Image-text web data:
⟨
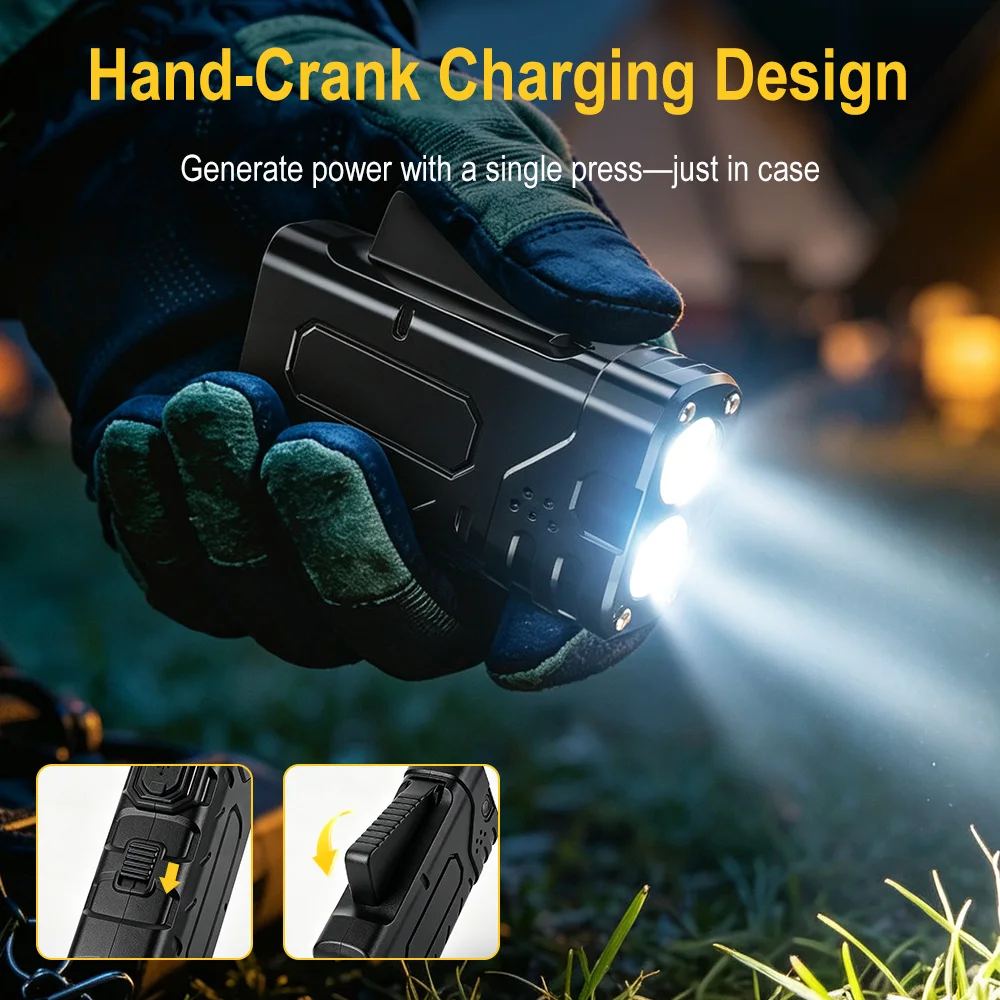BORUIiT Hand Crank EDC LED Fla - Outdoor Power Supply 评论和价格
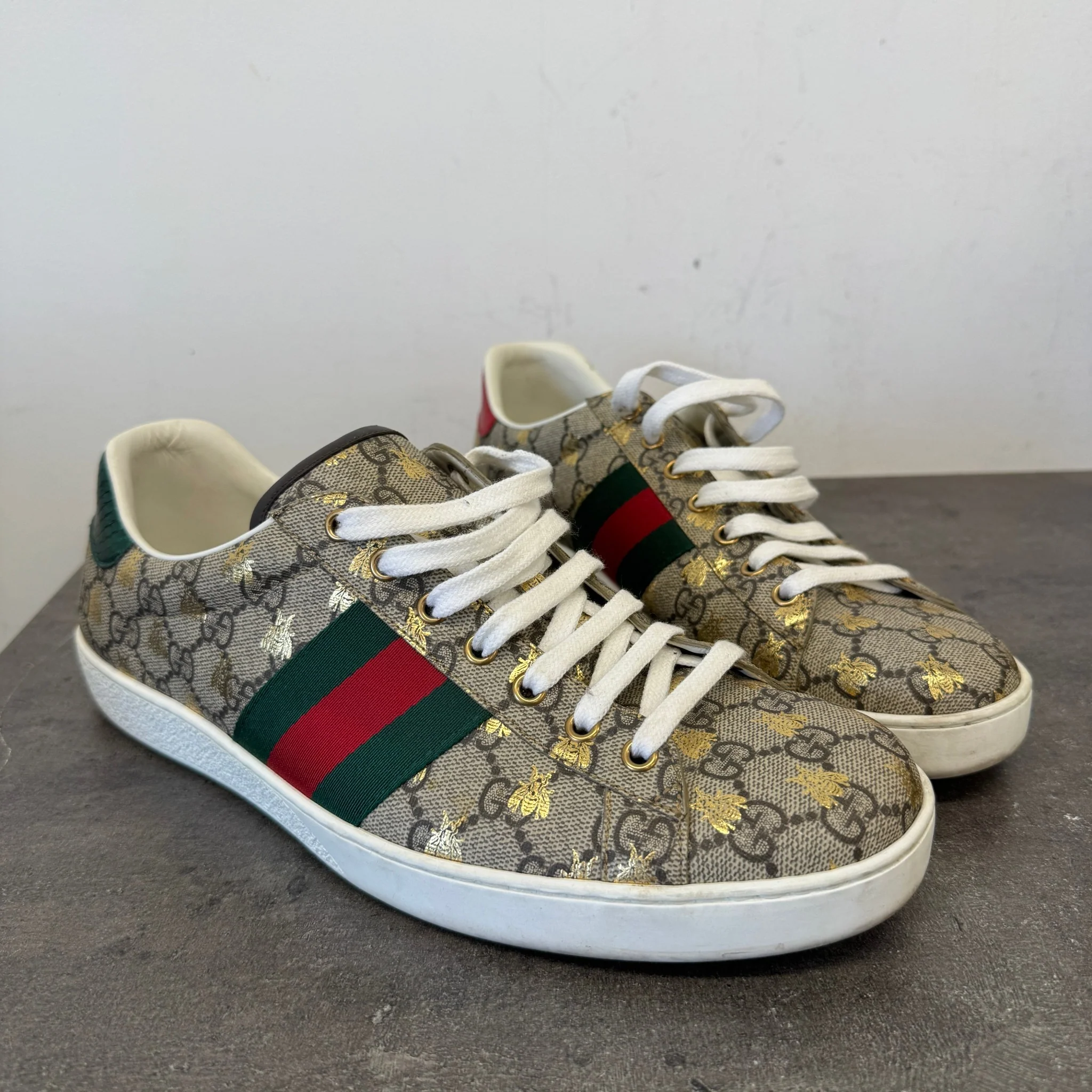 Men's Ace Gg Supreme Bee Low Trainers Beige Size EU 44 / UK 10 - Image 11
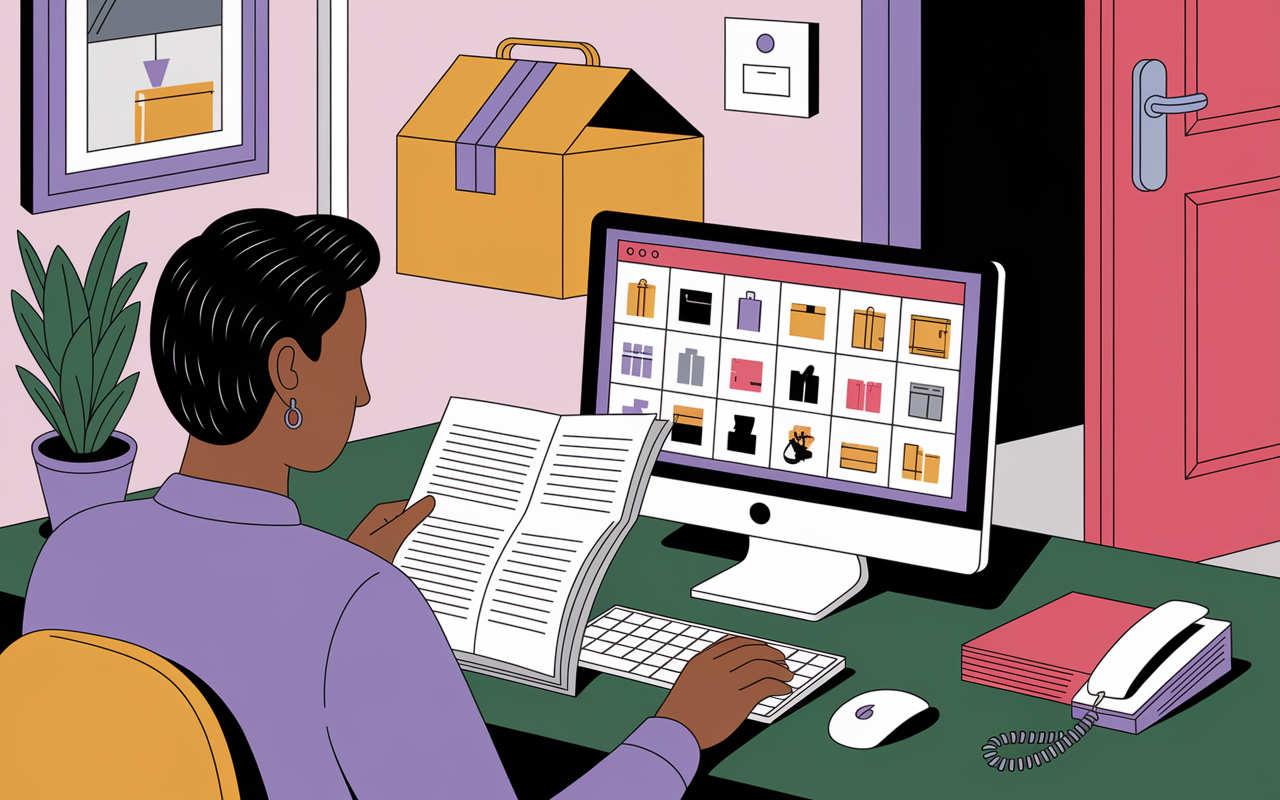 vente par correspondance personne feuilletant catalogue ordinateur livraison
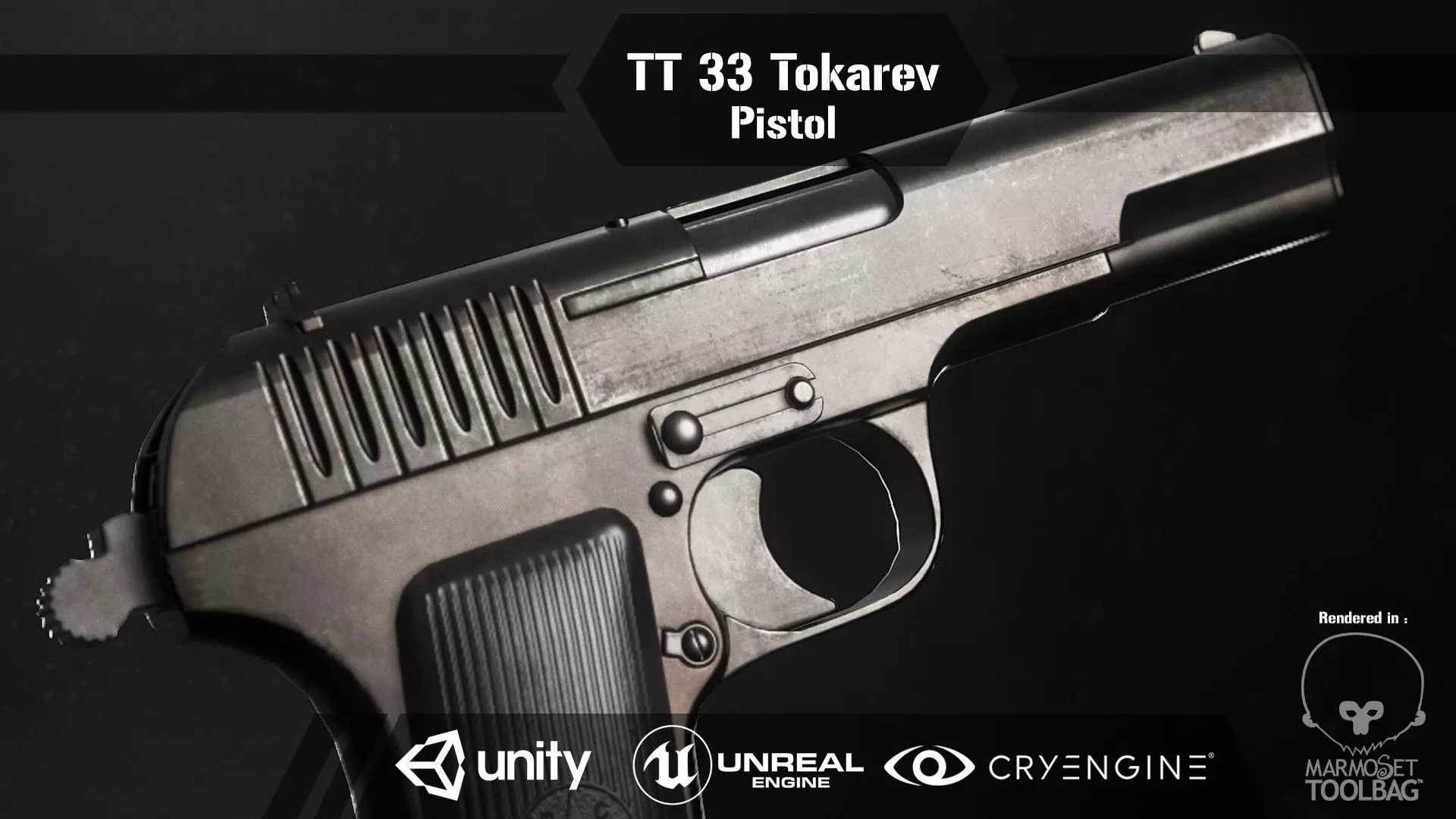 TT 33 Tokarev pistol Low-poly 3D model_0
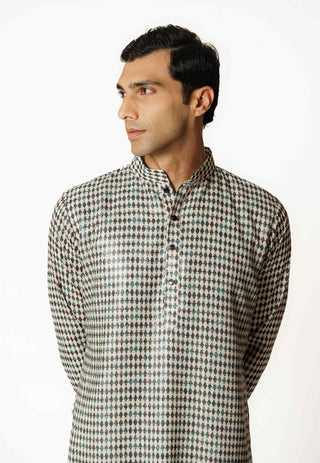 Ivory black diamond print kurta and pants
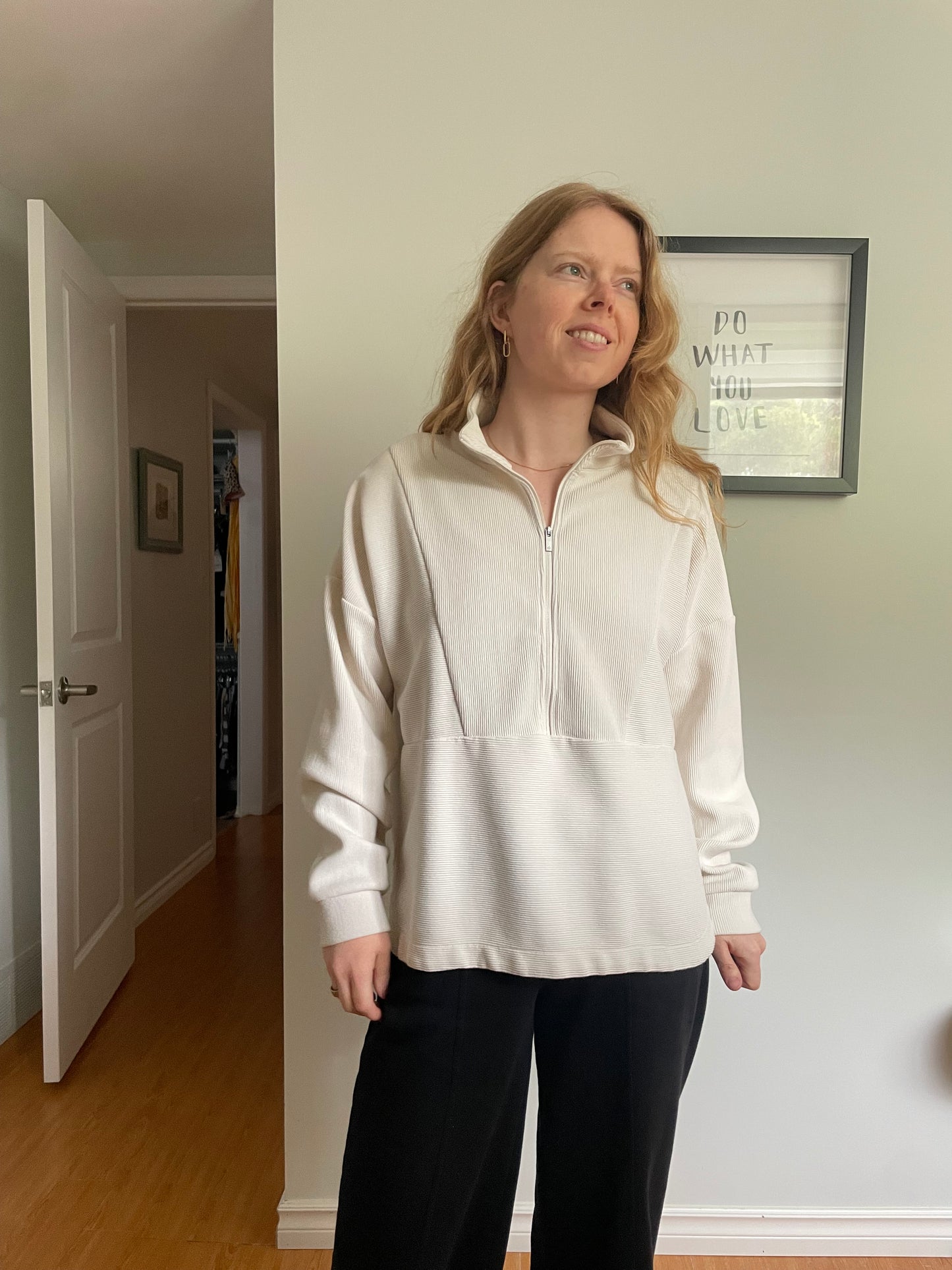 Shambhala Cream Ribbed Half-Zip Pullover Sweater - Medium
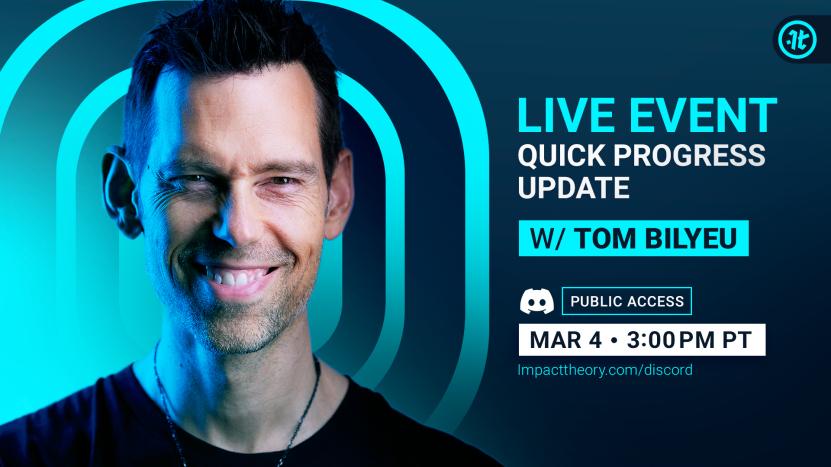 FoundersKey.io (@founderskeyio) on Twitter photo Join <a href="/TomBilyeu/">Tom Bilyeu</a> for another quick progress update!
๐ When: March 4, 2022 3:00 PM
๐บ๏ธ Where: Event Stage
๐ Link: ImpactTheory.com/Discord
Chat will take place in ๐ค-event-room-chat Join <a href="/TomBilyeu/">Tom Bilyeu</a> for another quick progress update!
๐ When: March 4, 2022 3:00 PM
๐บ๏ธ Where: Event Stage
๐ Link: ImpactTheory.com/Discord
Chat will take place in ๐ค-event-room-chat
⟩
## [How to complete this task]
Exactly as they appear above, print all the lines, but not the pictures.

## [Result]
BORUIiT Hand Crank EDC LED Fla - Outdoor Power Supply 评论和价格
 Men's Ace Gg Supreme Bee Low Trainers Beige Size EU 44 / UK 10 - Image 11
 vente par correspondance personne feuilletant catalogue ordinateur livraison
 TT 33 Tokarev pistol Low-poly 3D model_0
 Ivory black diamond print kurta and pants
 Shambhala Cream Ribbed Half-Zip Pullover Sweater - Medium
 FoundersKey.io (@founderskeyio) on Twitter photo Join <a href="/TomBilyeu/">Tom Bilyeu</a> for another quick progress update!
๐ When: March 4, 2022 3:00 PM
๐บ๏ธ Where: Event Stage
๐ Link: ImpactTheory.com/Discord
Chat will take place in ๐ค-event-room-chat Join <a href="/TomBilyeu/">Tom Bilyeu</a> for another quick progress update!
๐ When: March 4, 2022 3:00 PM
๐บ๏ธ Where: Event Stage
๐ Link: ImpactTheory.com/Discord
Chat will take place in ๐ค-event-room-chat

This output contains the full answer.